Work required:
Return every line of the records below verbatim, with no pictures in the copy.
--- Given records Enclosed Below ---
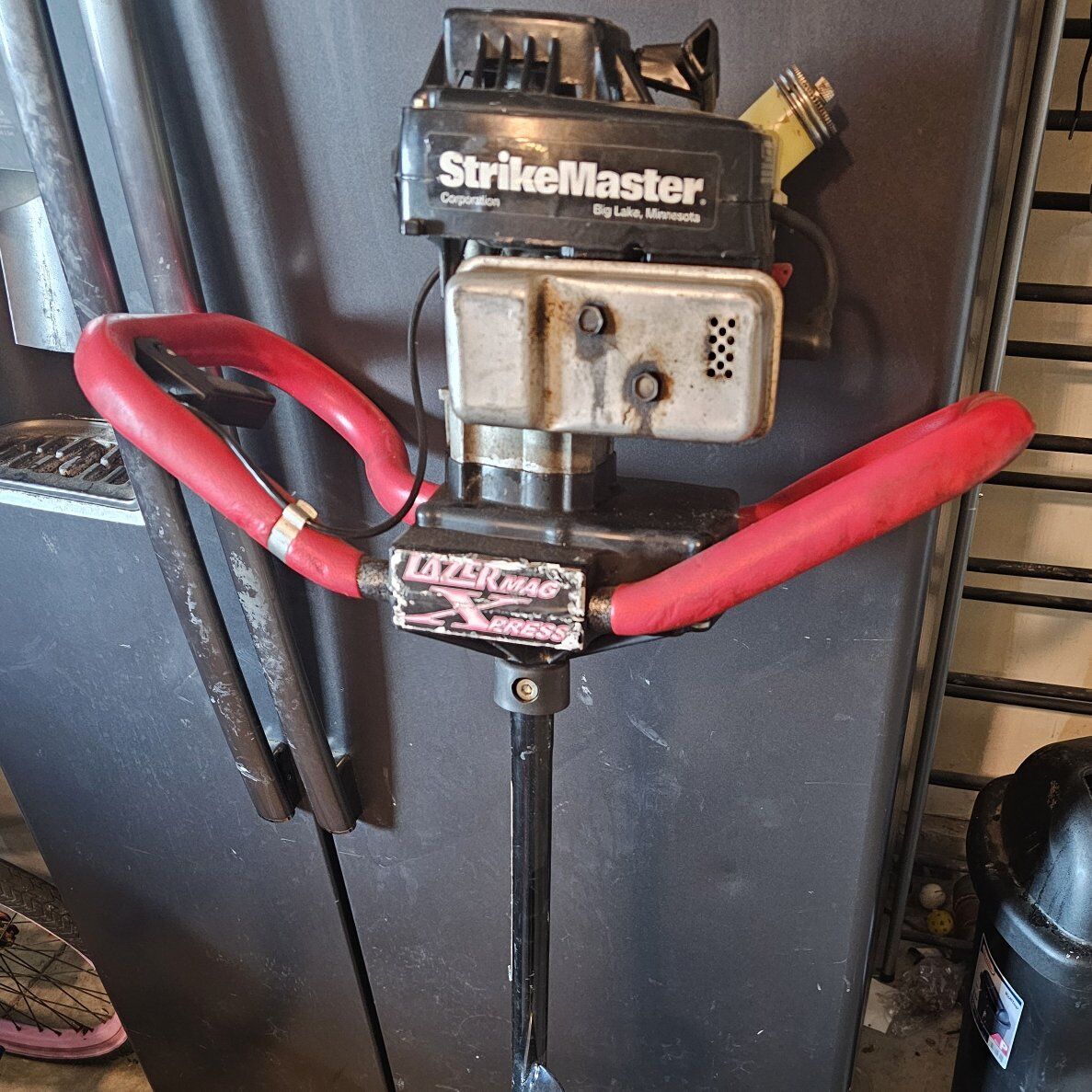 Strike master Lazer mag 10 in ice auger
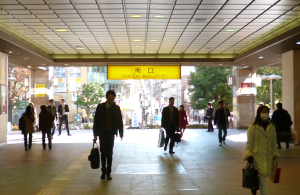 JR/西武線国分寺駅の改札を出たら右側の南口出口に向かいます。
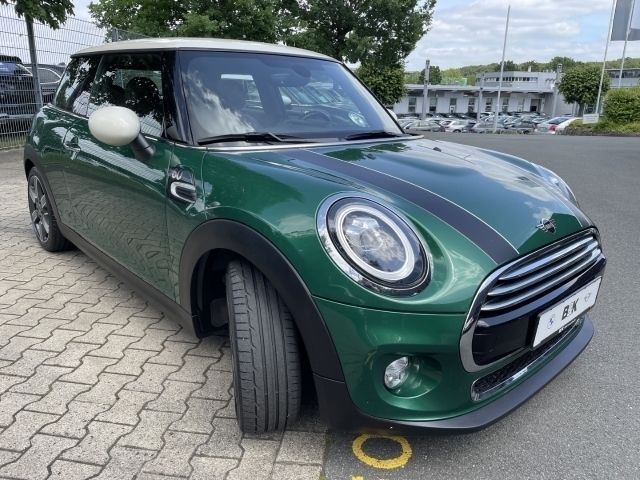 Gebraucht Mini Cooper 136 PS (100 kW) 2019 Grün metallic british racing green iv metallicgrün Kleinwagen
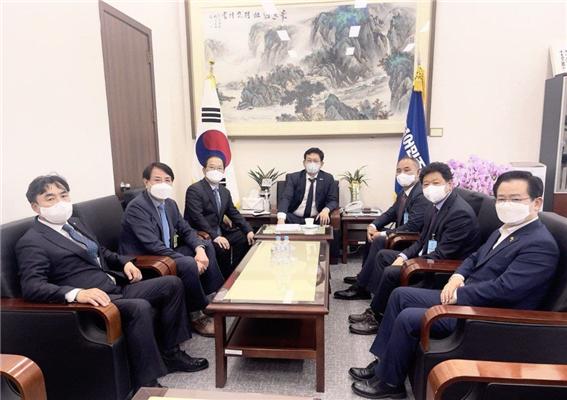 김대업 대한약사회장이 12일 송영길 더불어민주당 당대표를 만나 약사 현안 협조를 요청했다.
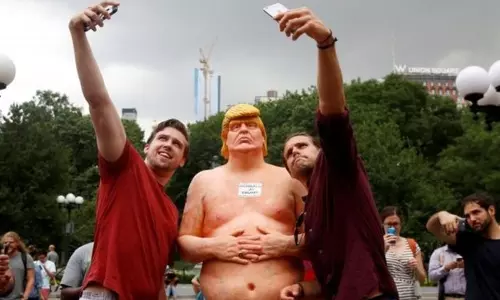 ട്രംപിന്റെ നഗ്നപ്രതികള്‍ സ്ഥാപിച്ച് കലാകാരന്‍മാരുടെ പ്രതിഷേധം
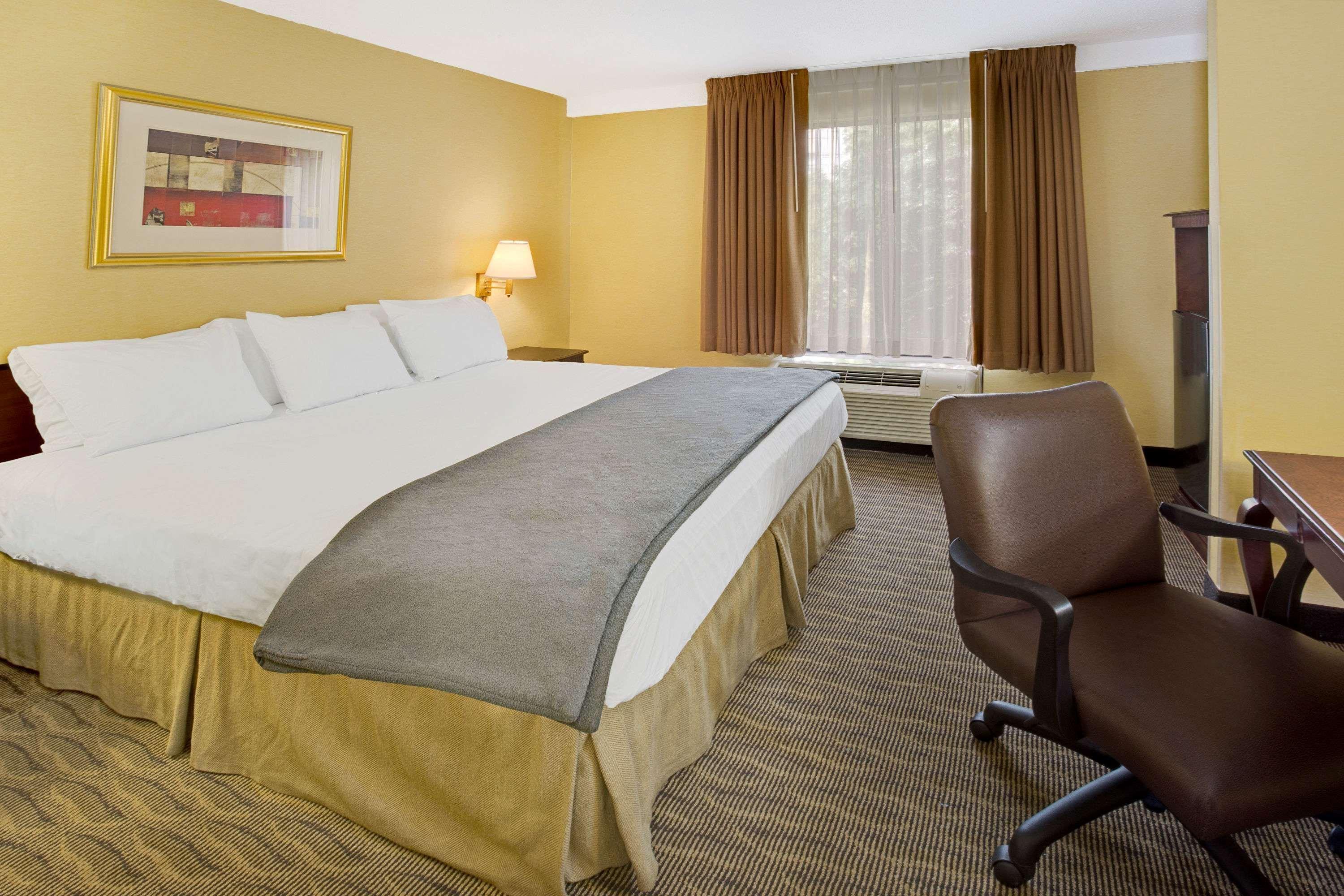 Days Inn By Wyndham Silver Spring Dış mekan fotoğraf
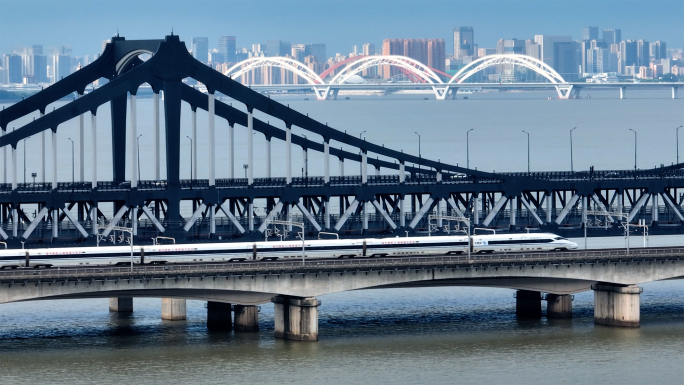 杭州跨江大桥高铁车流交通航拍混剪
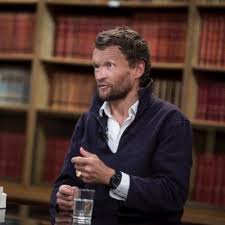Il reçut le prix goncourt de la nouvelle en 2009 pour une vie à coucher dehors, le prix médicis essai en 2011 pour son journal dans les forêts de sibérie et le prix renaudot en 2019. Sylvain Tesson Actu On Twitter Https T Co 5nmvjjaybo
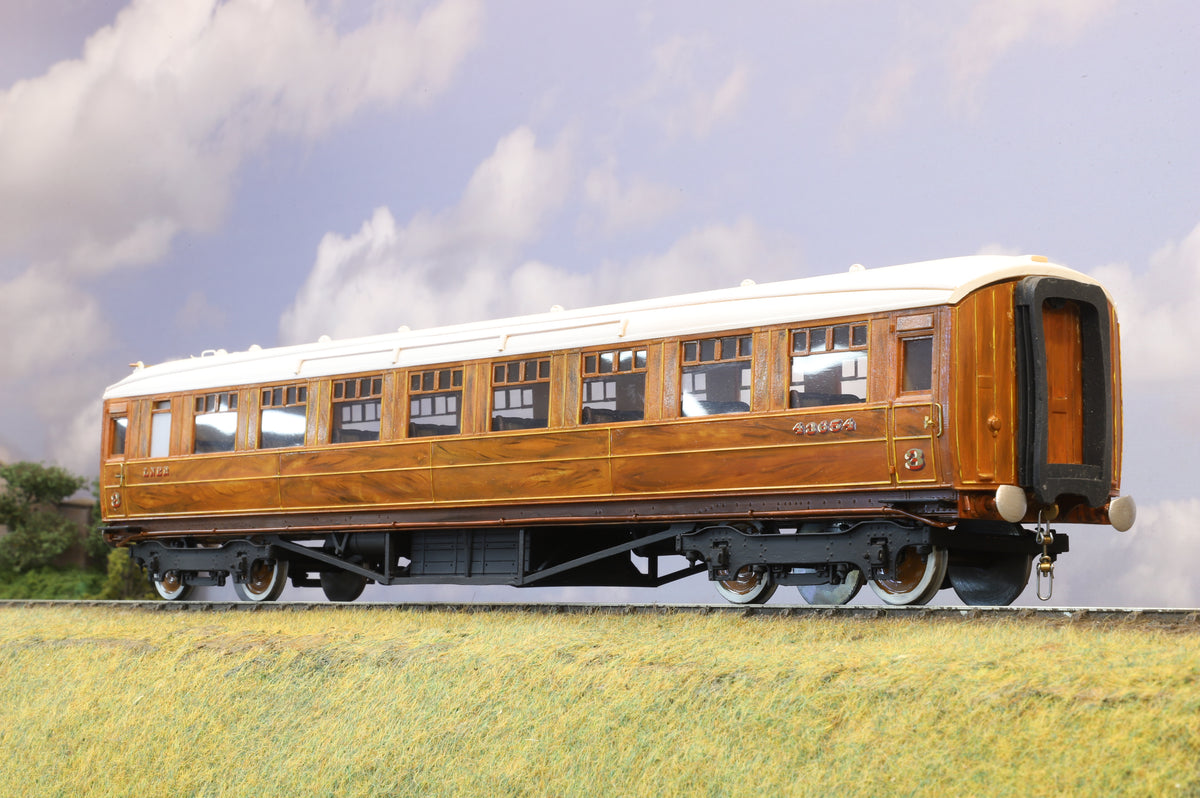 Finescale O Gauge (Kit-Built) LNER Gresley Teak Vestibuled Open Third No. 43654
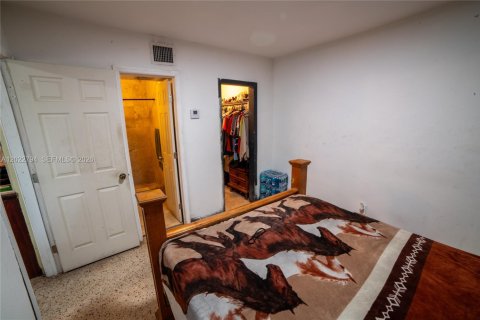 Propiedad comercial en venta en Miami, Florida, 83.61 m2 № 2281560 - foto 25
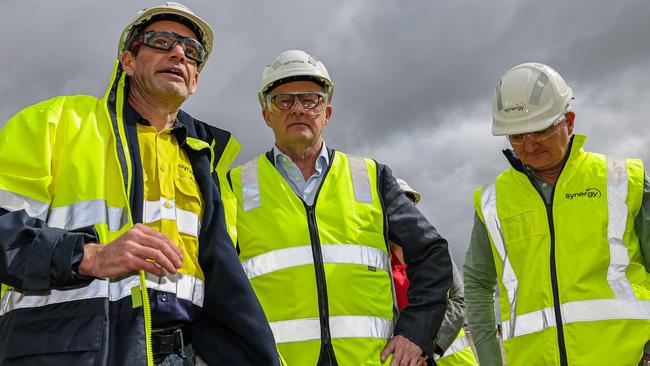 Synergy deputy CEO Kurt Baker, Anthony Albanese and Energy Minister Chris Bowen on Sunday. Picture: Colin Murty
--- End of Enclosed Given records ---
The completed task:
 Strike master Lazer mag 10 in ice auger
 JR/西武線国分寺駅の改札を出たら右側の南口出口に向かいます。
 Gebraucht Mini Cooper 136 PS (100 kW) 2019 Grün metallic british racing green iv metallicgrün Kleinwagen
 김대업 대한약사회장이 12일 송영길 더불어민주당 당대표를 만나 약사 현안 협조를 요청했다.
 ട്രംപിന്റെ നഗ്നപ്രതികള്‍ സ്ഥാപിച്ച് കലാകാരന്‍മാരുടെ പ്രതിഷേധം
 Days Inn By Wyndham Silver Spring Dış mekan fotoğraf
 杭州跨江大桥高铁车流交通航拍混剪
Il reçut le prix goncourt de la nouvelle en 2009 pour une vie à coucher dehors, le prix médicis essai en 2011 pour son journal dans les forêts de sibérie et le prix renaudot en 2019. Sylvain Tesson Actu On Twitter Https T Co 5nmvjjaybo
 Finescale O Gauge (Kit-Built) LNER Gresley Teak Vestibuled Open Third No. 43654
 Propiedad comercial en venta en Miami, Florida, 83.61 m2 № 2281560 - foto 25
 Synergy deputy CEO Kurt Baker, Anthony Albanese and Energy Minister Chris Bowen on Sunday. Picture: Colin Murty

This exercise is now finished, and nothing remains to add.